Our Liaison Officer was able to arrange the Zhang meeting,
but only just. We met the evening of our departure to
the US over supper at the Bei-Wei Hotel in Peking. The
interview was unexpectedly short. Yes, Mr. Zhang, had
been left along with Wang on the day that Chen and his
Tibetan companion left on a search & rescue mission.
He, Zhang stayed in his sleeping bag that morning, but
Wang got up and wandered around the snow terrace by
himself. Then came the $64 question: "bid Wang
ever mention finding the body of an English mountaineer?"
"Yes he did," Zhang answered easily. "He
mentioned it to me and to several of our climbing companions
on the way down." So there we had it--confirmation
from an "eyewitness" that Japanese climber
Hasagawa was not deluded, and a direct refutation of
the criticism that Wang must have been lying because
he never told any Chinese about his discovery.

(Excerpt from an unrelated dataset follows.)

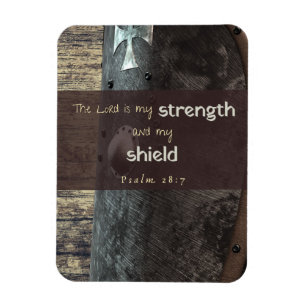 Psalm-28:7 Stärken- und Schildmagnet Magnet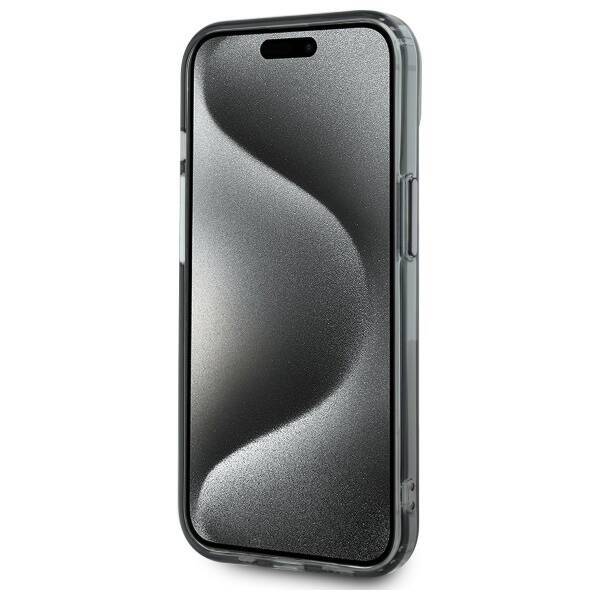 Karl Lagerfeld KLHMP15SHLSKIK iPhone 15   6.1" czarny/black hardcase IML Metal Karl Head MagSafe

In the sense of this discovery, we did not fail in
our search, we were simply defeated in climbing the
mountain. We did not set foot on the 27,000 ft snow
terrace, yet we were able to scan that territory with
high-powered binoculars and so pin-point the presumed
location of the "foreign mountaineer." This
location is fortunately off any presently used route
up the mountain which means the body will only be rediscovered
by climbers also anxious to solve this great mystery,
climbers committed to continuing the Search for Mallory
& Irvine.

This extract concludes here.